(Beginning of Provided records)

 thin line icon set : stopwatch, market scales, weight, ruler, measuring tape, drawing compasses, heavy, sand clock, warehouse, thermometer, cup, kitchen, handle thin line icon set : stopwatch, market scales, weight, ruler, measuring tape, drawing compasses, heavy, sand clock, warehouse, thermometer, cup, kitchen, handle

(End of Provided records)
(Beginning of Provided records)

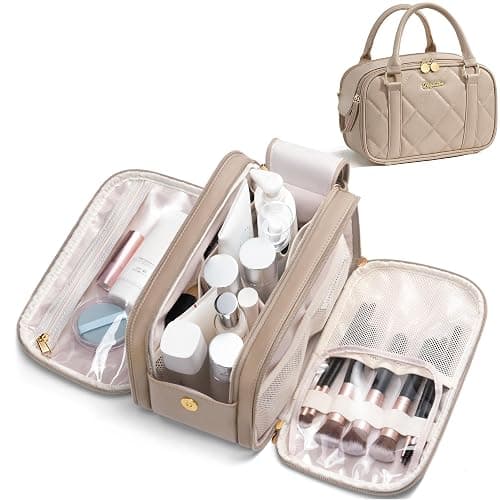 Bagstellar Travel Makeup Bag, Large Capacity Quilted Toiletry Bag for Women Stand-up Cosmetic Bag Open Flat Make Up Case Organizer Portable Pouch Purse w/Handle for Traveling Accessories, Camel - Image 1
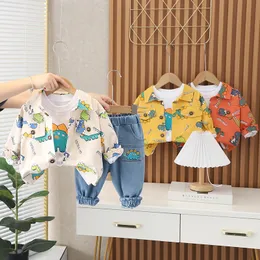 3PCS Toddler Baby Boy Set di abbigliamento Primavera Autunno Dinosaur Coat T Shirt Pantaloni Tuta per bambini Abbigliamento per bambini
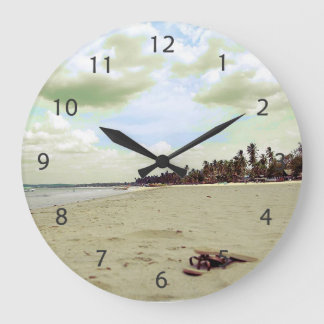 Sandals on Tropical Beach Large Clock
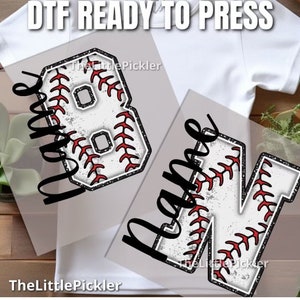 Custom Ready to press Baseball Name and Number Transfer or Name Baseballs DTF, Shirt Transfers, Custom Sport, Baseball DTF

(End of Provided records)

Copy nothing but the lines above that run from the one with "Sandals on Tropical Beach Large Clock" to the one with "Custom Ready to", ends included; pictures stay out.

 Sandals on Tropical Beach Large Clock
 Custom Ready to press Baseball Name and Number Transfer or Name Baseballs DTF, Shirt Transfers, Custom Sport, Baseball DTF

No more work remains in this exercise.